• TASK DESCRIPTION:
The required output is the line with "Paperback Tres Razones" and each line that follows it to the end of the entries below, copied exactly and with nothing added.

Short descriptive text snippets
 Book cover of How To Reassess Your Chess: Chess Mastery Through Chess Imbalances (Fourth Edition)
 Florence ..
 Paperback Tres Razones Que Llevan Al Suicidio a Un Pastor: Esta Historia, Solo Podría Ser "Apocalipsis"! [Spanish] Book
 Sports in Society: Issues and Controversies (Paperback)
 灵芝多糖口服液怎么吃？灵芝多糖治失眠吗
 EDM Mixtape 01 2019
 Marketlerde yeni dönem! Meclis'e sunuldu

• SOLUTION TO THE PROBLEM:
 Paperback Tres Razones Que Llevan Al Suicidio a Un Pastor: Esta Historia, Solo Podría Ser "Apocalipsis"! [Spanish] Book
 Sports in Society: Issues and Controversies (Paperback)
 灵芝多糖口服液怎么吃？灵芝多糖治失眠吗
 EDM Mixtape 01 2019
 Marketlerde yeni dönem! Meclis'e sunuldu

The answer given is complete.